The successful communication of conservation science involves understanding your audience — particularly if they don’t agree with you.
‘A new way of talking’
“Communicating is a two-way street and listening is a good place to start,” said Forest
Service liaison officer Serra Hoagland, at the Thursday joint plenary session on communicating conservation to diverse audiences at the American Fisheries Society and The Wildlife Society 2019 Joint Annual Conference in Reno.
When dealing with conflicting viewpoints and contested issues, she said, try to open up to people. “Show up with a sincere level of respect,” Hoagland said.
Drew Lanham, a professor in the Department of Forestry and Environmental Conservation at Clemson University, said it takes different messaging and different packaging to move forward with a changing demographic. “It’s also time for us to understand a new way of communicating.
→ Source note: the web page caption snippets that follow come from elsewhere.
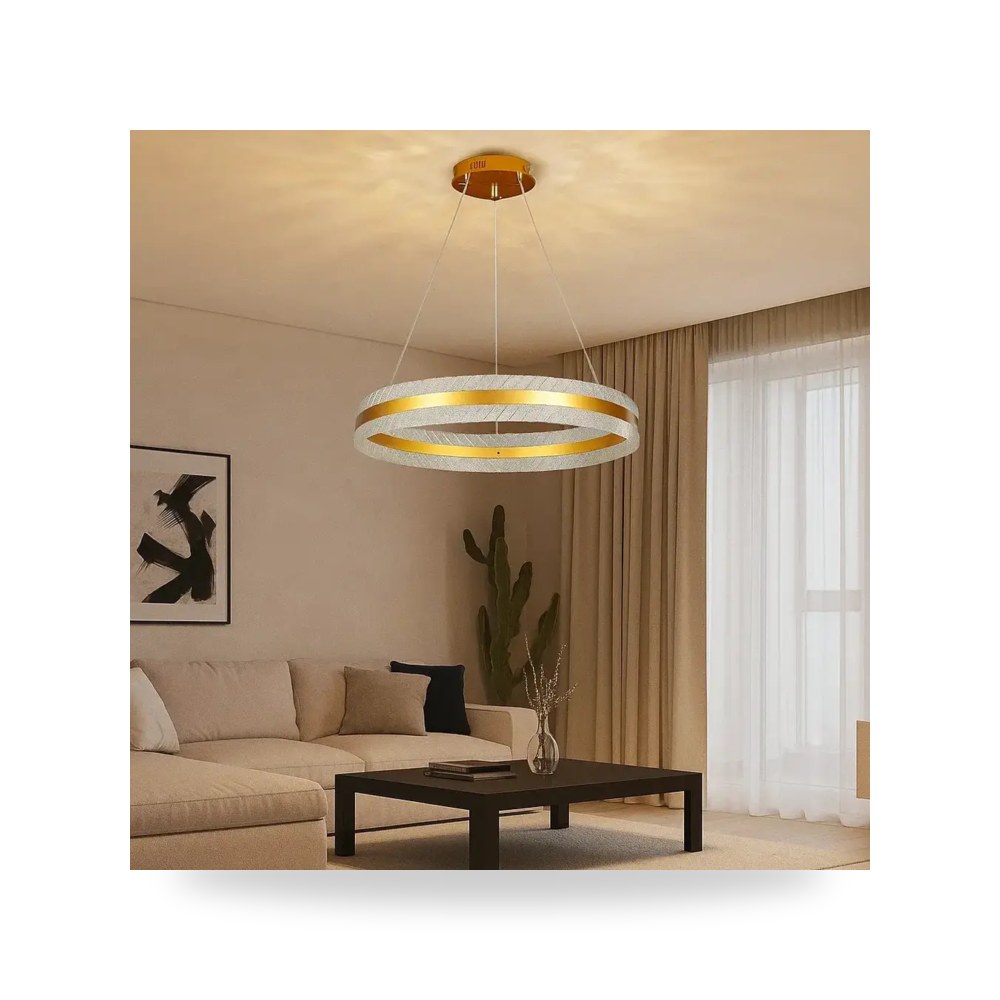 ثريا مودرن ذهبي الانارة 3 اضاءات 85 واط لايت موديل 8HA - E7058 - 600GD+3CO3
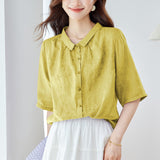 Cotton cocoon, retro heavy industry three-dimensional embroidery ramie shirt women
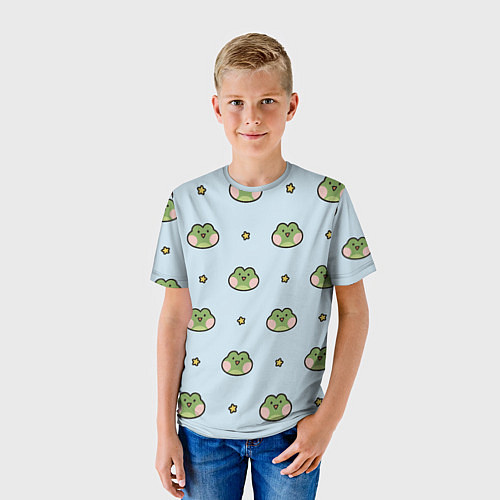 Детская футболка Паттерн с лягушками / 3D-принт – фото 3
A new way of talking,” he said after doing just that with a poem called “What is Wild?”
“How much do we care for those things flying in the dark above our dreams?” he asked. “It is legal everywhere to find the wild and roll yourself up in it?”
Scott Bonar, the incoming AFS president, who works with the U.S. Geological Survey’s Arizona Cooperative Fish and Wildlife Research Unit, spoke about “verbal judo,” a series of techniques to improve communicating with people who don’t agree with you. After using the technique with a group of people who didn’t believe in climate change, he said, he was able to change some minds. It’s important to understand where they’re coming from and empathize, he said, but also to be honest.
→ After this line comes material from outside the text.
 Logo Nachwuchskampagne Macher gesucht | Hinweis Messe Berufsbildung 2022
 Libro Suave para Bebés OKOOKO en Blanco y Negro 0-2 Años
Welcome President Gary White
TWS President Gary White took up the gavel at his first council meeting on Thursday. “We’ve got to push for science because we’re a science-based organization,” White said after accepting the presidency Thursday morning. “Unfortunately in the last few years there’s been this massive attack on science,” he said, noting the “dismissal of climate change” and decreased protections for sage-grouse, endangered species and migratory birds and other issues.
White said his goals included emphasizing peer review and pushing for the passage of the Recovering America’s Wildlife Act, which would increase funding for states to protect imperiled species. “The Society’s got to stand up, take stands and show that we’re interested,” he said.
The state of TWS
The Wildlife Society is doing well when it comes to finances and membership, TWS CEO Ed Thompson shared at the Annual Members Meeting. The Society is up in income, including a 12% increase in net assets from last year. Thompson reported a $160,000 net income, with the two-year total topping $400,000. “That’s a long cry from where the organization used to be and I am very proud of the fact that we’re on very solid financial footing now and really poised for success,” he said.
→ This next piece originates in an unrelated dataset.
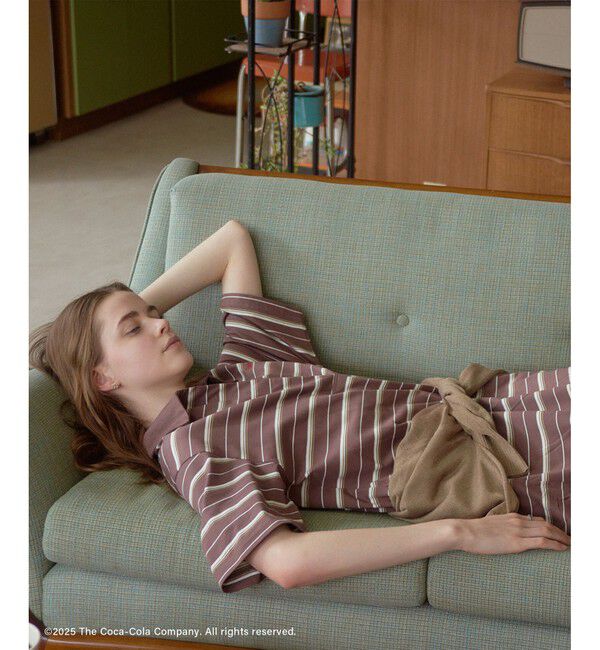 SALON adam et rope'「Coca-Cola マルチボーダーワンピース」|ワンピース|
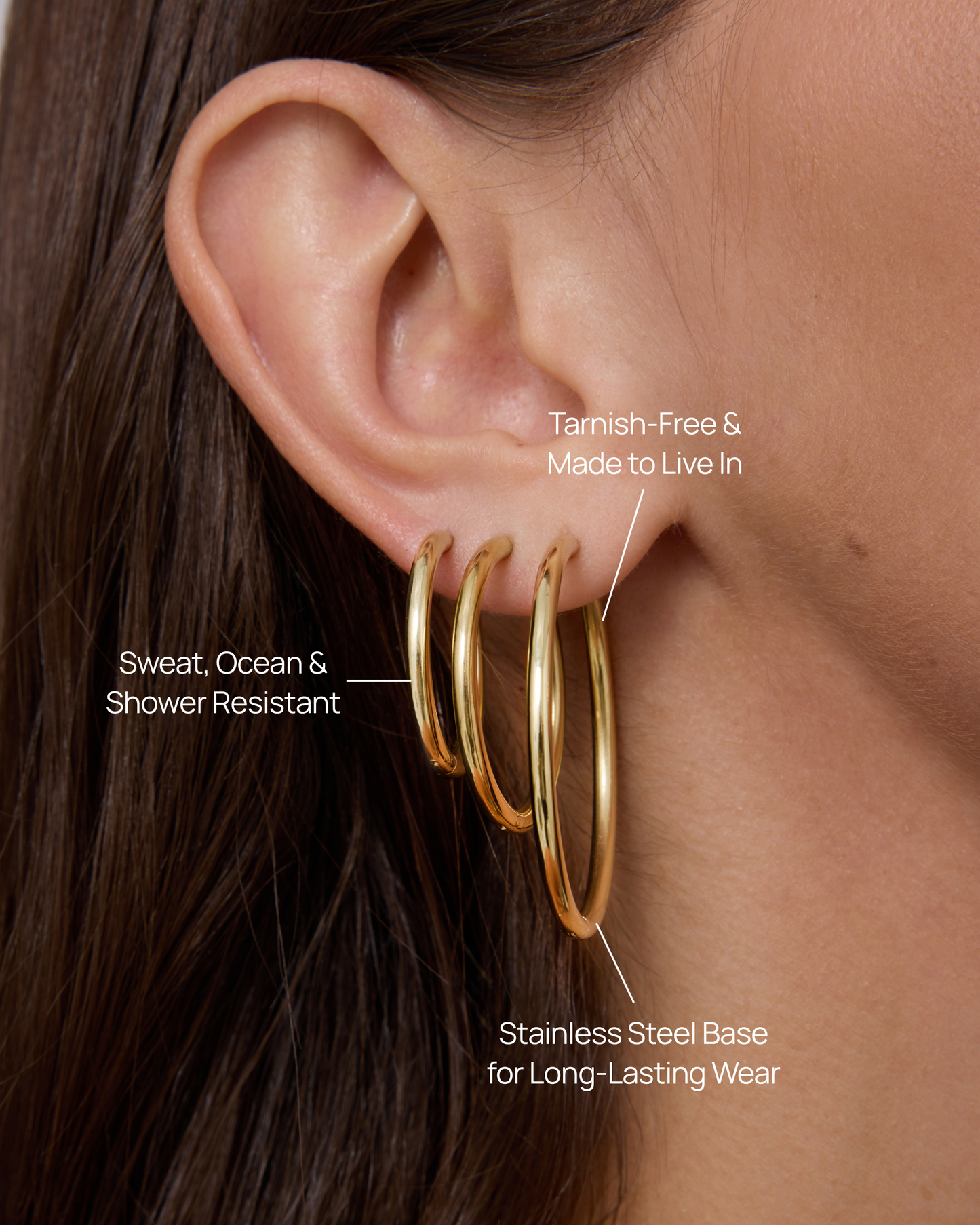 Cascade Graduated Hoop Earrings Set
Membership increased by 454 to bring total paid members to 10,601, parting the fourth consecutive year of 4% growth. Thompson said he is most proud of the increase in student membership, which is now up to 3,000 plus students. The Society has recently launched a Student Connections Initiative sponsored by the Boone and Crockett Club, involving a $5 discount on membership for students as well as weekly student/early-career professional versions of the eWildlifer and TWS student events at the conference. Thompson touted the new single sign on access to journals, making them more accessible for members.
Congratulations to our awards recipients
Jodie Provost, TWS McDonough Award
Rena Borkhataria, TWS Diversity Award
Jon Swenson, TWS Honorary Membership
Let’s do this again
Get ready for next year! The 2020 TWS Annual Conference will take place in Louisville, Kentucky from Sept. 27 to Oct. 1.